Data for processing Start Marker

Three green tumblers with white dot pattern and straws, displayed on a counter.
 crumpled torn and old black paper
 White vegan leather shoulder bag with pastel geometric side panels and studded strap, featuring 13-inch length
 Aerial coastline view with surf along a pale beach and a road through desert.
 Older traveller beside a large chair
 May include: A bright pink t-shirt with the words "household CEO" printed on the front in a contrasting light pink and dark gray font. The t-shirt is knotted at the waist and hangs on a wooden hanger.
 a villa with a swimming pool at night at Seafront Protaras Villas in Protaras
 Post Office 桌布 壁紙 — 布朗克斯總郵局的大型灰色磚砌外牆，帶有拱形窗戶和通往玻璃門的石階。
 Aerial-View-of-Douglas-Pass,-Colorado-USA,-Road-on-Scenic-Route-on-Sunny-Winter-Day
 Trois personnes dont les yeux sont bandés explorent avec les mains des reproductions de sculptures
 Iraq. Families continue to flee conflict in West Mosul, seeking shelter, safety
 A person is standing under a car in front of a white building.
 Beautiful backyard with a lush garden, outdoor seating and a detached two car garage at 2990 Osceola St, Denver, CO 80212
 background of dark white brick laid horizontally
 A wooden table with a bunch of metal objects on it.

Data for processing End Marker

> [Assignment]: In the entries above, restate word for word the lines between the one holding "crumpled torn and old black paper" and the one holding "Older traveller beside a large chair", inclusive, and nothing besides.

> [Worked solution]:
 crumpled torn and old black paper
 White vegan leather shoulder bag with pastel geometric side panels and studded strap, featuring 13-inch length
 Aerial coastline view with surf along a pale beach and a road through desert.
 Older traveller beside a large chair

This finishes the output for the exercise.